On 5 June 2017, several states including Bahrain, Saudi Arabia, and the United Arab Emirates (UAE) announced they were severing ties with Qatar over accusations of funding terrorism. Along with suspending diplomatic relations, the countries have established an effective blockade of Qatar, cutting off land, air, and sea access to the emirate and deporting Qatari citizens.
The row came just weeks after US President Donald Trump visited Saudi Arabia and announced new plans for “deeper security cooperation” with the GCC, including a purported $100 billion arms package for the kingdom. Despite the president’s claim to have established a unified US-Arab front to confront regional threats like ISIS and Iran, however, the GCC crisis has immediately undermined the coalition and threatened US defense policy in the region. Qatar is home to approximately 11,000 American personnel stationed at Al Udeid Air Base – the headquarters for Air Force Central Command (AFCENT) and a key hub for anti-ISIS sorties – and the blockade has complicated US-led joint operations and coordination. In Bahrain, which is a Major Non-NATO Ally (MNNA), the government even ordered Qatari troops to leave the US naval base in Manama, directly impacting any ongoing operations relevant to those personnel and the facility’s force posture.
The crisis has also emerged amid growing Congressional apprehension over unconditional US arms sales to the GCC, culminating in Senator Corker’s letter. On 13 June 2017, the Senate nearly rejected a $500 million sale of precision-guided munitions to Saudi Arabia citing potential war crimes in Yemen, marking a significant increase in bipartisan opposition over the previous major weapons transfer to the kingdom in September 2016. Secretary Tillerson also sparked controversy, and indicated a departure from the previous administration’s policy, when the State Department revealed it would be lifting human rights restrictions from a multibillion dollar sale of F-16 combat aircraft to Bahrain. This transfer has yet to be formally notified to Congress for review.

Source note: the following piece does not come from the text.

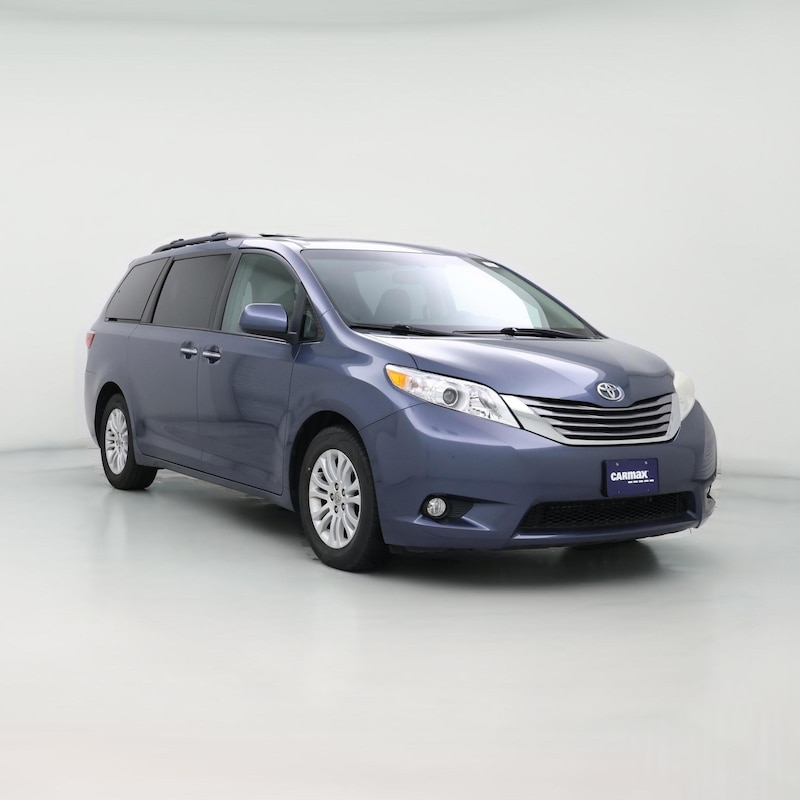 2015 Toyota Sienna XLE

Notably, before signaling a change of course with his letter to Secretary Tillerson, Senator Corker voted for the sales to Saudi Arabia and applauded the administration’s decision to remove reform conditions from the F-16 deal, arguing that weapons transfers should be determined by American strategic interests rather than domestic rights concerns. Now, the senator has indicated that he will refrain from approving “sales of lethal military equipment” during the informal review period until there is a “better understanding” of how the GCC will “reunify” to “combat terrorism… and counter Iran.”
“Saudi Arabia, Bahrain, and the UAE are destabilizing the region on a whim, and Senator Corker is right to use US security assistance as leverage to promote good governance in line with American interests,” said Husain Abdulla, ADHRB’s Executive Director. “However, before the crisis, the Senator endorsed the administration’s decision to remove reform conditions from existing deals, greenlighting a dramatic deterioration of the human rights situation in Bahrain and possibly emboldening Saudi Arabia and its partners to take this disruptive action against Qatar. For sustainable stability and security in the region, Congress must go further and urge substantive human rights reforms before shipping even one more gun to the Gulf.”
As Senator Corker’s letter suggests, US security assistance is not wholly unconditional and may be used to advance American interests. The ongoing crisis similarly demonstrates that a secure, stable Arab Gulf – a key US foreign policy objective – is deeply linked to domestic and regional good governance, rule of law, and human rights reform. Moreover, it is a reminder that American weapons can implicate the US in domestic repression and regional turmoil. ADHRB therefore welcomes Senator Corker’s decision to withhold arms clearances, but also calls on Congress to take stronger action by reinstating reform conditions on US weapons transfers to GCC states like Saudi Arabia and Bahrain.